Ontological Concerns Example 5, Naming, Marking, and Numbering Bannerstones
As early as 1848, in their Ancient Monuments of the Mississippi Valley, Squier and Davis published an illustration of five bannerstones which at that time were often called “hatchets.” They go on to comment, “It is clear, nevertheless, both from their form and material, that they were not designed for use. They may be regarded as having been intended simply for ornament or display.” Subsequent written accounts identified them as “winged,” “problematical,” or “ceremonial” forms.
Ephraim Squier and Edwin Davis Ancient Monuments of the Mississippi Valley, 1848, Fig. 114 pg. 218.

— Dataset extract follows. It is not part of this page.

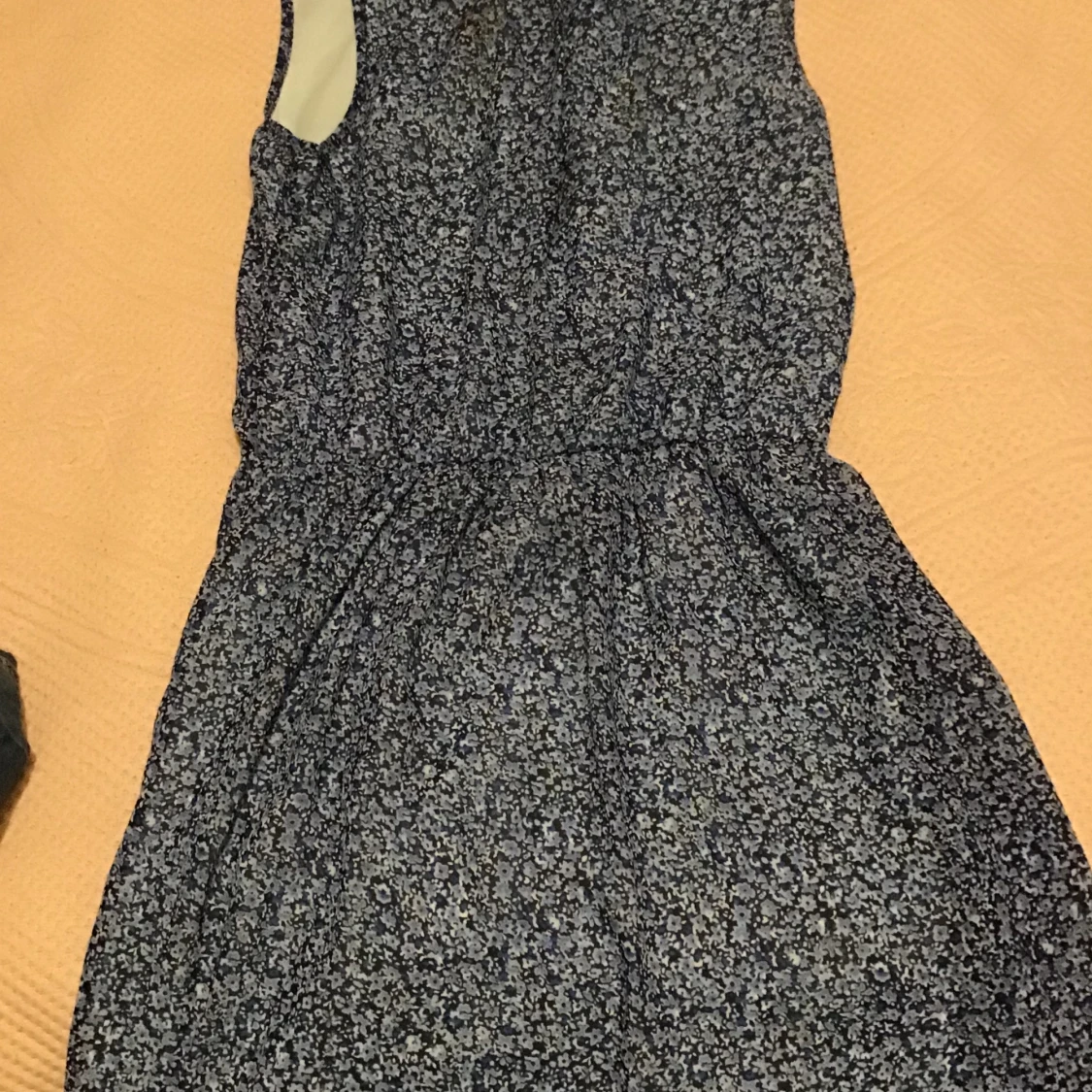 Blå blommig klänning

It was not until 1877, in his Stone Age in New Jersey, that C.C. Abbott first used the term bannerstone. [5] To Abbott, bannerstones were unique amongst ancient Native American lithics because of the vast array of stones used for their construction and because of their elaborately carved shapes. They were also unique because each was carefully perforated with a hole down the center, indicating that they were meant to be placed on a staff and presumably, according to Abbott, held aloft as a banner, thus the name bannerstone. Over a hundred years after bannerstones were first identified, collected, and written about as a distinct category of Indigenous carving, there are many unanswered questions about why they were made and especially why they were only made in Eastern North America between 6,000 BCE and 1,000 BCE.
[5] C. C. Abbot, Stone Age in New Jersey (Washington, DC, 1877), 332.